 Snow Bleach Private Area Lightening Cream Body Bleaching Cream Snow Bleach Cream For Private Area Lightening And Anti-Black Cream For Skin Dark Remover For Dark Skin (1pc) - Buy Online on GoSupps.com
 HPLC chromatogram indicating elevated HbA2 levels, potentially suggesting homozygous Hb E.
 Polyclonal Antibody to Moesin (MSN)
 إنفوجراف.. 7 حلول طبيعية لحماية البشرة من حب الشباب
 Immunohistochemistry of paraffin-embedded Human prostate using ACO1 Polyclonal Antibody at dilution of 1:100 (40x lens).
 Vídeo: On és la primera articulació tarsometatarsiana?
+-------+
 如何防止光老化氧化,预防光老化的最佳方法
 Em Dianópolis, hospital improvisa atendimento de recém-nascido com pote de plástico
+-------+
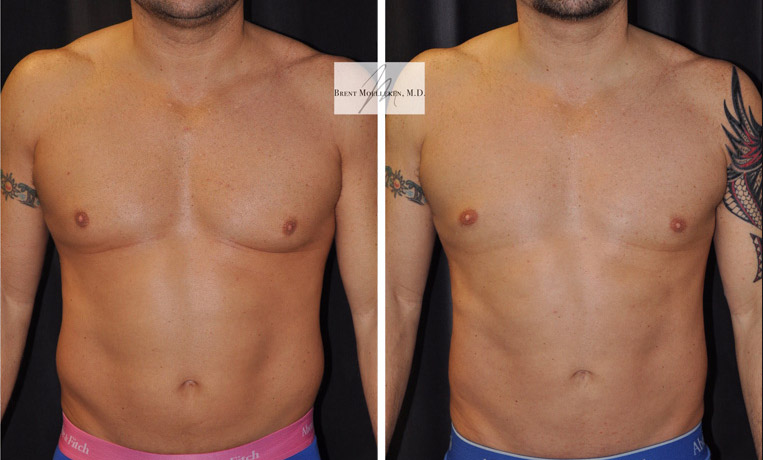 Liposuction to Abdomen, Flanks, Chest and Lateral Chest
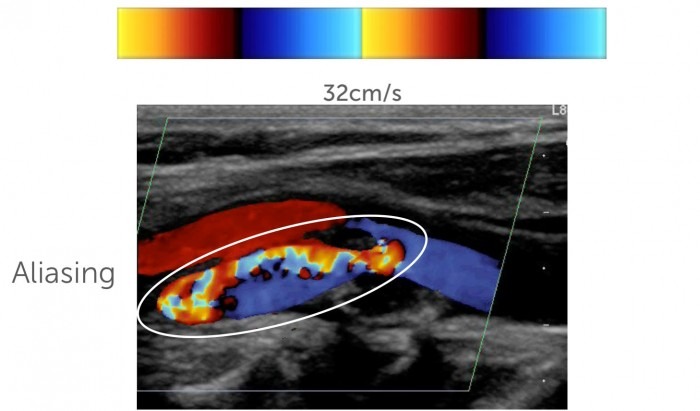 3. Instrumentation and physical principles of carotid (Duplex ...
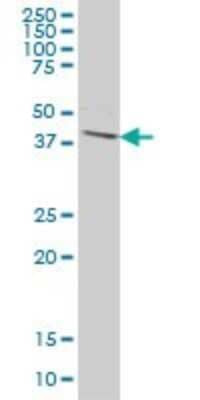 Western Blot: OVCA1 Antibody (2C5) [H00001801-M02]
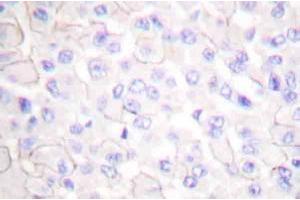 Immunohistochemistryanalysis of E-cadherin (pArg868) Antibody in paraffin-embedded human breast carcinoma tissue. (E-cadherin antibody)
+-------+
_Work request_
Find the word "Polyclonal" in the entries. Copy each line that holds it.

_Output of the task_
 Polyclonal Antibody to Moesin (MSN)
 Immunohistochemistry of paraffin-embedded Human prostate using ACO1 Polyclonal Antibody at dilution of 1:100 (40x lens).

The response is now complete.